Em "Alegoria do Sangue", outro thrash bem tradicional do Claustrofobia, com aquelas partes de solo bem rápidas e de fundo o típico "patu patu" servindo de base para as guitarras a todo vapor. Mas, o que mais me chama a atenção nesse som, é mais uma vez uma prova clara de quão à vontade estão os integrantes com sua musicalidade e quão íntimos estão com seus instrumentos. Ao fim da música, ocorre uma mudança sutil em relação ao tempo da música- acontecem umas diminuições bem leves no ritmo, mas que fazem toda a diferença. É um detalhe que nem todos vão reparar, eu creio, mas que particularmente, me surpreendeu positivamente.

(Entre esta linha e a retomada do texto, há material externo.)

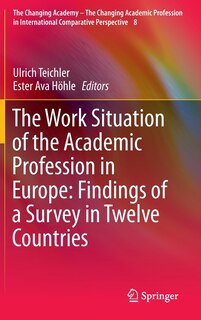 Front cover_The Work Situation of the Academic Profession in Europe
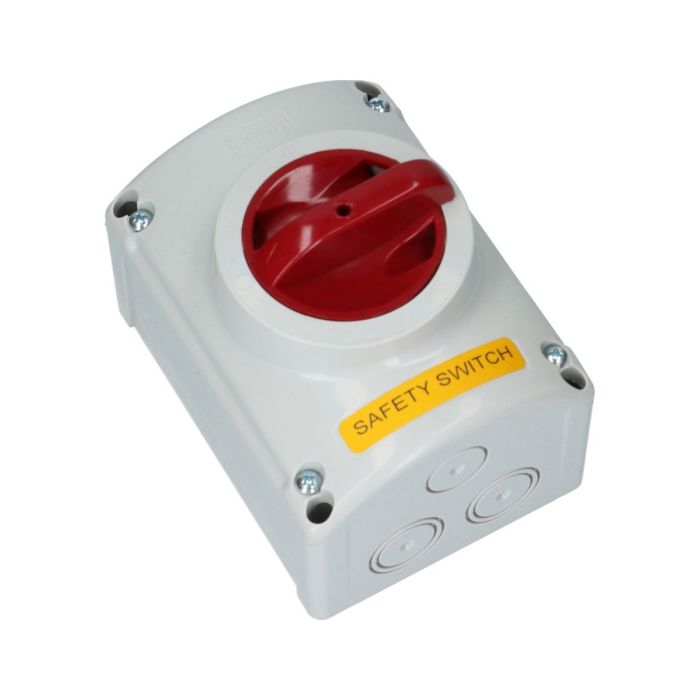 Famatel lastschakelaar met behuizing 4 Polig 20A 131x96.5x105.5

A minha favorita do disco, "Bicho Humano", dá sequência à destruição sonora de "Peste". A faixa conta com a participação de Henrique Fogaça, vocalista da ótima banda Oitão, que, graças a sua brutalidade e energia na gravação e principalmente no palco, vem ganhando um bom espaço na cena. Para quem gostaria de conferir o som deles, uma ótima oportunidade será na abertura para o show do Brujeria, no dia 18 de abril em São Paulo, e em outras datas pelo Brasil.

A faixa é a minha preferida, porque nela estão inseridas as características que mais gosto em uma música de thrash metal: MUITA agressividade (a mais agressiva do disco talvez, eu diria), refrão marcante, blast beat e tudo o mais. Nela também fica clara a boa forma da banda, já que cada instrumento é executado quase a seu extremo de velocidade e técnica.

"Vida de Mentira", é talvez a mais cadenciada, mas não menos poderosa do disco. As guitarras em algumas partes, me lembraram algo de Pantera, por causa dos riffs bem trabalhados. Nela, o vocal de Marcus D'Angelo se ressalta tanto quanto em "Caosfera", a próxima.

Para fechar o disco e todo o seu conceito, temos "Viva", outra que me agrada muito. É uma faixa bem mais curta que as anteriores, mas possui muita agressividade, além de energia. Um dos pontos mais legais nela, novamente, é a letra. É uma síntese e conclui da forma mais sensata o conteúdo lírico de um disco que fala do Brasil. Resumidamente, ela fala do sentimento que a maioria dos brasileiros carregam no peito: apesar de tudo, de todo o sofrimento, de toda a luta, "viva, estou aqui!". Se encaixa também perfeitamente, eu creio, também, à realidade de todas as bandas batalhadoras do underground brasileiro - um dia após o outro, uma luta atrás da outra, mas sempre seguindo em frente.

"Vivendo intensamente, nenhum momento parado no tempo, vibrando pro progresso, exercitando a positividade no pensamento".

Nem sei o que está por vir, mas sem dúvidas, é o meu primeiro indicado a melhor do ano de 2012.